It’s true, the desire for change comes to all of us - even to me, one of the most change resistant people on the planet. It may not occur in the fashion we Michigander’s use to talk about the weather (if you don’t like it, wait five minutes and it will change), but it comes in it’s own way and time. A little over a year ago, I would have said I didn’t care if I ever traveled anywhere, would have insisted that traveling was way overrated, that I was perfectly happy just staying home forever and always.

And yet. That blue sky, that open road. The rolling hills of southern England. The lapping waves of the Gulf of Mexico. The sidewalk cafes of Paris. They are whispering in my ear - come, see.
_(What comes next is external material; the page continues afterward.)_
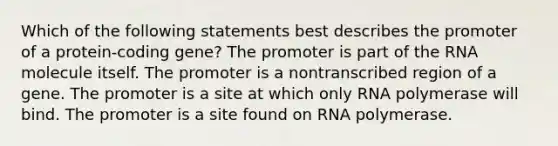 Which of the following statements best describes the promoter of a protein-coding gene? The promoter is part of the RNA molecule itself. The promoter is a nontranscribed region of a gene. The promoter is a site at which only RNA polymerase will bind. The promoter is a site found on RNA polymerase.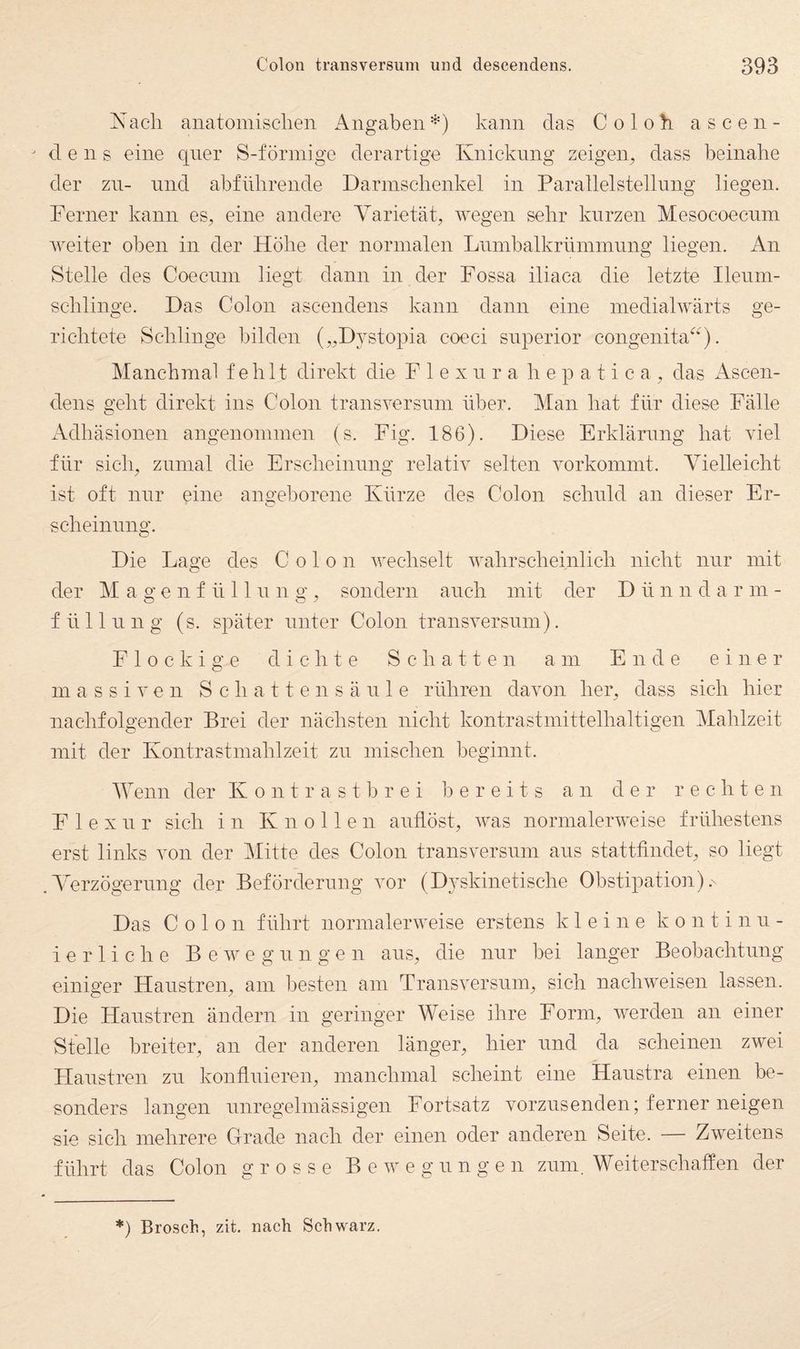 Nach anatomischen Angabenkann das Coloh ascen- - d e n s eine qner S-förmige derartige Knickung zeigen^ dass beinahe der zn- nnd ahfiihrende Darmschenkel in Paratlelstellnng liegen. Ferner kann es, eine andere Varietät, wegen sehr kurzen Mesocoecnm weiter oben in der Höhe der normalen Lnmbalkrnmmnng liegen. An Stelle des Coecnm liegt dann in der Fossa iliaca die letzte Ilenm- schlinge. Das Colon ascendens kann dann eine medialwärts ge¬ richtete Schlinge bilden („Dystopia coeci snperior congenita^^). Manchmal fehlt direkt die F 1 e x n r a h e p a t i c a , das Ascen¬ dens geht direkt ins Colon transversnin über. Man hat für diese Fälle Adhäsionen angenommen (s. Fig. 186). Diese Erklärung hat viel für sich, zumal die Erscheinnng relativ selten vorkommt. Vielleicht ist oft nur eine ano-eborene Kürze des Colon schuld an dieser Er- scheinnng. Die Lao’e des Colon v'echselt wahrscheinlich nicht nur mit der M a g e n f ü 11 n n g , sondern auch mit der D ü n n d arm- f ü 11 n n g (s. später unter Colon transversum). Flockige dichte Schatten am Ende einer massiven S c h a 11 e n s ä n 1 e rühren davon her, dass sich hier nachfolgender Brei der nächsten nicht kontrastmittelhaltigen Mahlzeit mit der Kontrastmahlzeit zn mischen beginnt. Menn der Kontrastbrei bereits an der rechte n F 1 e X n r sich in Knollen anflöst, was normalerweise frühestens erst links von der Mitte des Colon transversum ans stattfindet, so liegt .AVrzögernng der Beförderung vor (Dyskinetische Obstipation).' Das Colon führt normalerweise erstens kleine k o n t i nn- i e r 1 i c h e Bewegungen ans, die nur bei langer Beobachtung einiger Hanstren, am l^esten am Transversum, sich nachweisen lassen. Die Hanstren ändern in geringer Weise ihre Form, werden an einer Stelle breiter, an der anderen länger, hier nnd da scheinen zwei Flanstren zn konflnieren, manchmal scheint eine Hanstra einen be¬ sonders langen unregelmässigen Fortsatz vorznsenden; ferner neigen sie sich mehrere Grade nach der einen oder anderen Seite. — Zweitens führt das Colon grosse Bewegungen zum. Weit erschaffen der *) Brosch, zit. nach Schwarz.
Ironically, these feelings come at a time when we are less able to travel than ever simply because of our situation. My mother’s health is not good, and she depends on me for so much right now. We have the dogs to consider, our fur babies who have never been left with anyone but my mom who is finding it increasingly challenging to care for them. These were the things I once used to justify my unwillingness to travel, to explain why I never planned trips longer than four or five days. Now it feels more like being held back, when I really want to loosen the reins of my existence. And this is a situation that is unlikely to change for the foreseeable future.

The need for change, the desire for change - it comes to us whether we want it or not. Sometimes it creeps up quietly and settles in a remote corner of the heart. Sometimes it rushes in like the March wind. In 2013, I wrote: “There are times when the need for change become palpable, when the yearning for something fresh and new insistently clamors for attention and cannot be ignored."

As I open the door to March and to the promise of “something fresh and new” in the natural world, I want to open myself to these new feelings, notice this change of heart and find ways to satisfy these urges within the set of limitations I have. 

When the need for change begins to clamor, it does no good to ignore it.